- [Supplied entries]:
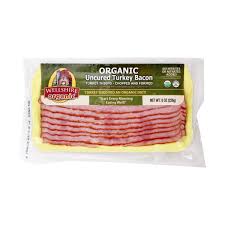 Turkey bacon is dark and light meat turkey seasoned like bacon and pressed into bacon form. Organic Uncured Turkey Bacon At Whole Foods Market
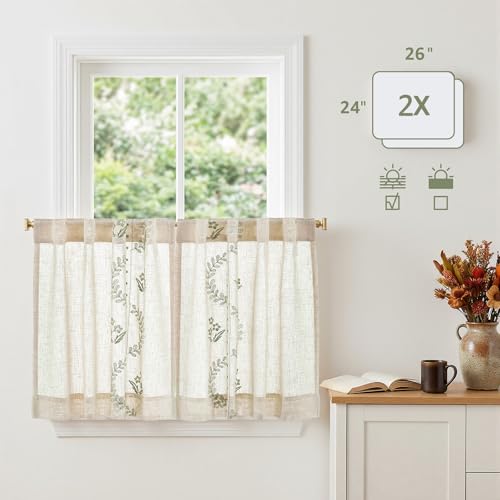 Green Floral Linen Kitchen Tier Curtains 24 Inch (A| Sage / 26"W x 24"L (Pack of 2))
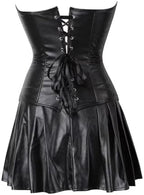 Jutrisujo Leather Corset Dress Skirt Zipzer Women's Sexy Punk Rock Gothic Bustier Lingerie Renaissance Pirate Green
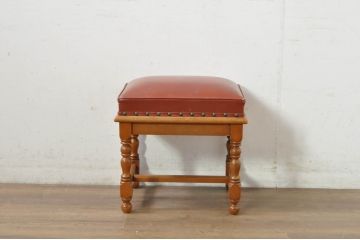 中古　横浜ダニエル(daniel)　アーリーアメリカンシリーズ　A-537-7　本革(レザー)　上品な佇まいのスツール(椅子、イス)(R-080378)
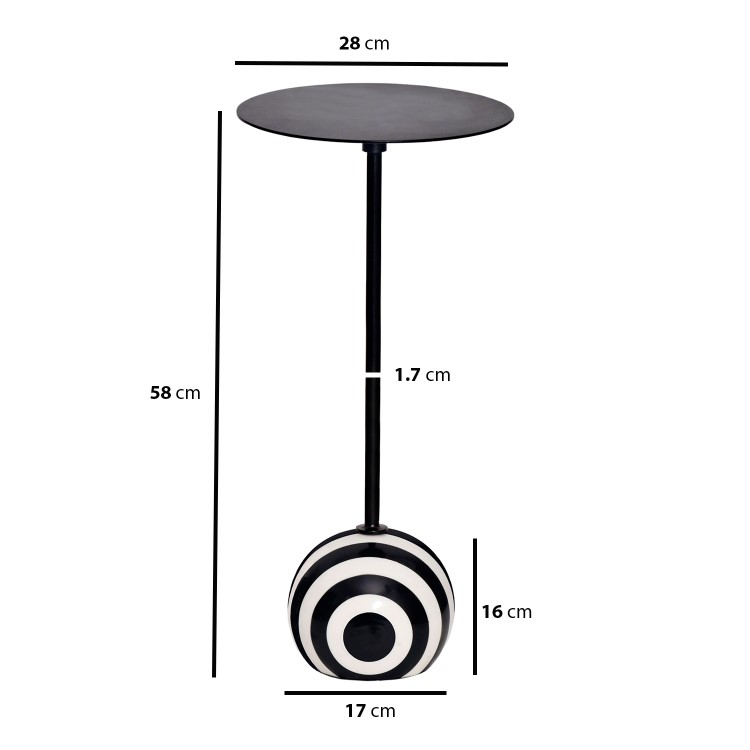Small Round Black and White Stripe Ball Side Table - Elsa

- [Task details]: Repeat every record above exactly, but leave out any pictures.

- [The answer]:
 Turkey bacon is dark and light meat turkey seasoned like bacon and pressed into bacon form. Organic Uncured Turkey Bacon At Whole Foods Market
 Green Floral Linen Kitchen Tier Curtains 24 Inch (A| Sage / 26"W x 24"L (Pack of 2))
 Jutrisujo Leather Corset Dress Skirt Zipzer Women's Sexy Punk Rock Gothic Bustier Lingerie Renaissance Pirate Green
 中古　横浜ダニエル(daniel)　アーリーアメリカンシリーズ　A-537-7　本革(レザー)　上品な佇まいのスツール(椅子、イス)(R-080378)
Small Round Black and White Stripe Ball Side Table - Elsa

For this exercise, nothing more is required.